César-Verleihung:Das verlogene Familienfest des französischen Kinos

Roman Polanski erhielt zwei Preise - und nicht nur die Schauspielerin Adèle Haenel verließ wütend den Saal: Die diesjährigen Césars zeigten, wie durcheinander die französische Kinowelt ist.

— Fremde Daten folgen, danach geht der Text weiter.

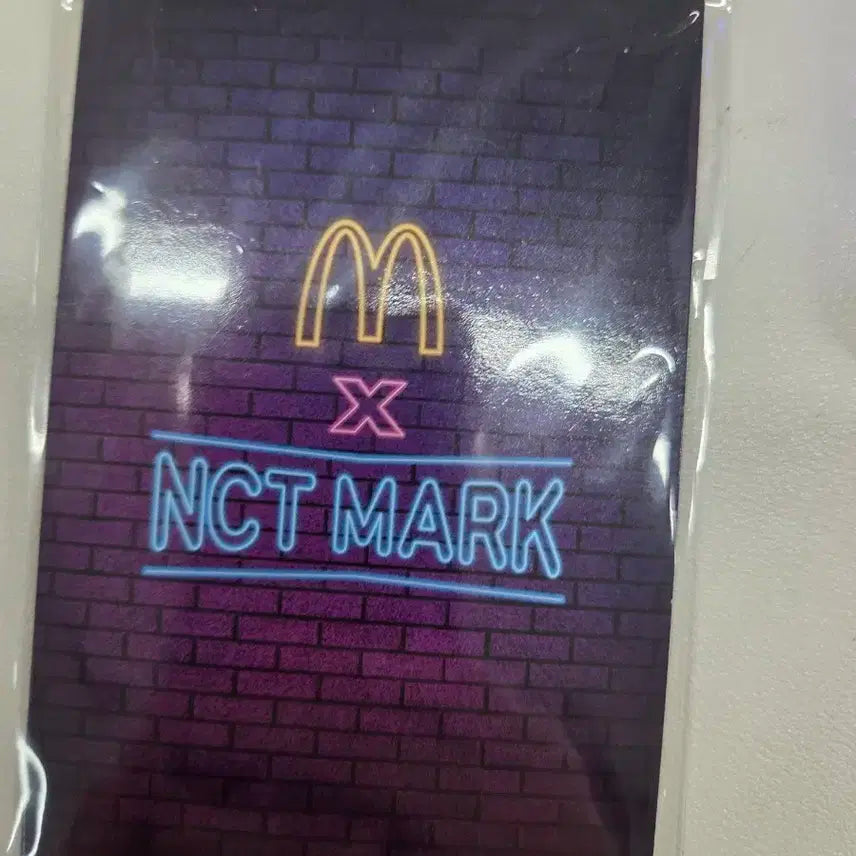 맥도날드 NCT 마크 포토카드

Von Joseph Hanimann, Paris

Bis gegen Mitternacht zögerte man am Freitag, ob das die letzte César-Zeremonie oder doch schon die erste eines neuen Zeitalters sein würde. Kontroversen und persönliche Gehässigkeiten werden vom französischen Kinomilieu bei solchen Veranstaltungen gern mit Witzeleien glattgebügelt. Und an Spannung war diesmal mit dem wegen Vergewaltigung angeklagten Roman Polanski als Hauptpreisverdächtigem kein Mangel. Seit Wochen tobte der Streit über dessen Anrecht auf eine Ehrung. Das ganze Viertel um den Veranstaltungsort, das Konzerthaus Pleyel, musste gegen Protestkundgebungen von der Polizei abgeriegelt werden. Mit Sprechchören und Knallkörpern sollte den Geladenen der Gang über den roten Teppich vermiest werden. "César der Schande", "Violanski" und ähnliches prangte auf den Mauern quer durch die Stadt. Und ein paar feministische Vereinigungen hatte bei einer Zeremonie der "Tocards", einer Würdigung für Wüstlinge gegenüber Frauen, dem Filmautor im Voraus schon den Preis der Pädokriminalität zuerkannt.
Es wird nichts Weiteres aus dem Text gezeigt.